A quantidade de grãos precisa ser grande. Segundo o Instituto Socioambiental (ISA), que faz restauração através desse tipo de semeadura, uma muvuca compõe pelo menos 90 quilos de sementes de até 120 espécies para cada hectare que será recuperado.
O primeiro passo para se recuperar uma área degradada com o coquetel de sementes é o diagnóstico ambiental. É a partir desse trabalho que se saberá, então, o tipo de bioma e quais espécies aquela região afetada carece para ser restaurada.
“Esse planejamento vai desde o diagnóstico da área que a gente vai saber se é bioma amazônico, é bioma cerrado. Qual a fitofisionomia que está a área e, com isso, a gente define as espécies para que a área chegue mais próxima da mata nativa”, complementou Lara Costa, técnica em restauração ecológica do ISA.
Paolo Sartorelli ressalta ainda que o ideal é usar espécies nativas regionais ou da vegetação original do local que será restaurado, o que reforça a importância do diagnóstico ambiental antes de tudo.
“Você vai estudar a sua área de restauração. Quando você for restaurar uma reserva legal, o Código Florestal Brasileiro permite que você use 50% das espécies exóticas.

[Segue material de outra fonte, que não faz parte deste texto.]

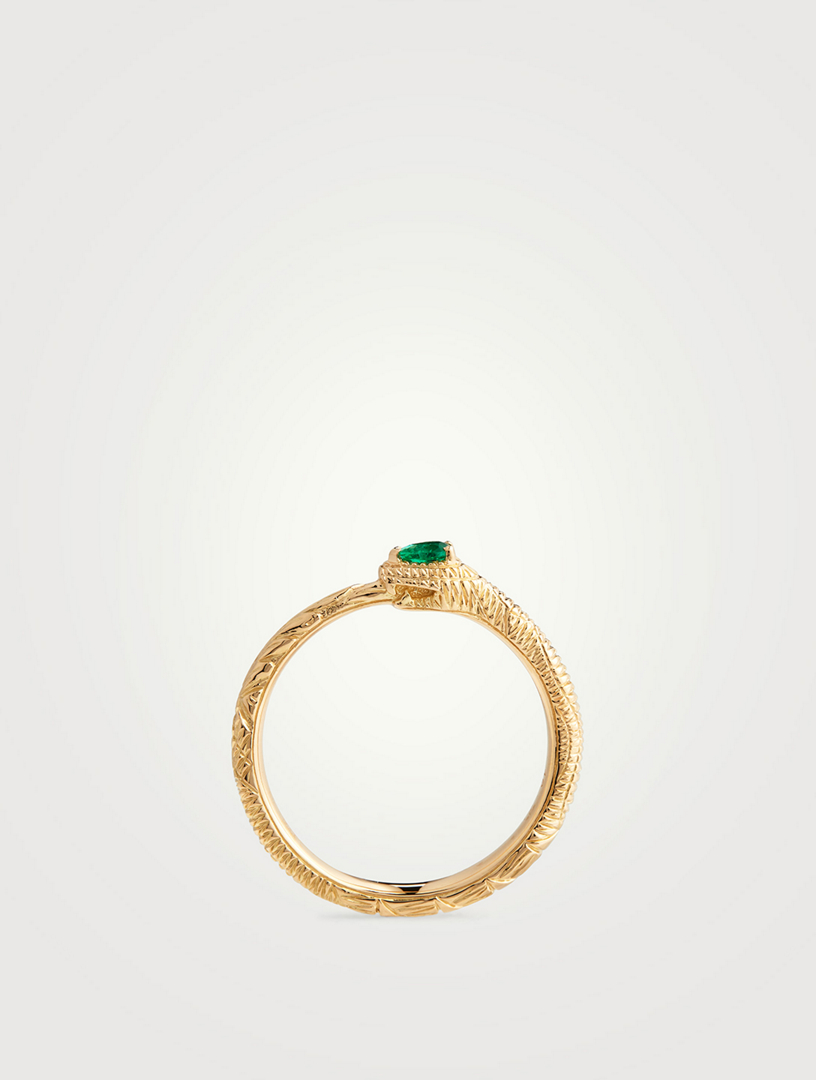 Gucci emerald ring outlet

Então, se pegar o pau-brasil e plantar na Amazônia, que é nativo da Mata Atlântica, mas para restaurar uma reserva legal no bioma, isso é permitido. No entanto, quando estamos falando de um ecossistema que é uma nascente, mata ciliar, da beira do rio, não podemos fazer isso”, explicou o engenheiro florestal.
Muvuca na prática
Depois de feito o diagnóstico ambiental, a empresa ou pessoa interessada na recomposição de parte de um bioma específico faz contato com um fornecedor de sementes. A demanda, então, é repassada aos coletores que buscam dentro das florestas as espécies necessárias para fazer a muvuca.
Formada por comunidades indígenas, agricultores familiares, viveiristas e pessoas que moram em municípios do Mato Grosso, a Rede de Sementes do Xingu é uma dessas pontes que ligam empresas e organizações aos coletores. O Instituto Socioambiental, por exemplo, é um dos parceiros da associação.
Durante o ano, a Rede faz uma prospecção de clientes e de pessoas que desejam restaurar áreas. Na sequência, encomenda as sementes com os mais de 500 coletores associados.
“Com a muvuca, a gente tem percebido que conseguimos gerar renda junto com a comunidade local e, ao mesmo tempo, conservar a floresta. A muvuca tem esse ganho social que você consegue envolver todas as comunidades em uma questão nobre, que é a restauração da floresta amazônica”, declarou João Carlos.
No Acre, a comunidade indígena dos Ashaninkas, que fica dentro da reserva do Alto Juruá, também faz uso do método de semeadura para manter a área protegida e em boas condições de preservação e uso. Para o povo, cada região pode ser trabalhada de forma diferente, desde que a premissa permaneça sendo a conservação da floresta.
“As roças, a parte agrícola, a gente tem uma técnica para fazer. Recuperação de pastos, temos outras. Trabalhamos em um primeiro momento com algumas espécies, depois outras. Semeamos as sementes no espaço e elas se encarregam de fazer o seu equilíbrio”, reforçou Francisco Pianco, liderança do povo Ashaninka.
O método, de fato, impulsiona a aceleração do processo de reflorestamento que a natureza depois se encarrega de fazer, segundo Lucimar Souza, diretora adjunta de desenvolvimento territorial do Instituto de Pesquisa Ambiental da Amazônia (IPAM). Mas, para ela, a conservação da Amazônia depende da fusão de esforços da sociedade civil e dos governos federal e estaduais.
“Com uma área tão grande como essa a ser recuperada, é necessário um esforço conjunto de atores ligados às questões ambientais e produtivas. Temos o hábito de pensar que a recuperação de áreas degradadas é uma questão pertinente somente para a área ambiental e, na verdade, não é. Também perpassa pelo grupo de organizações ligadas à produção da Amazônia”, disse Lucimar.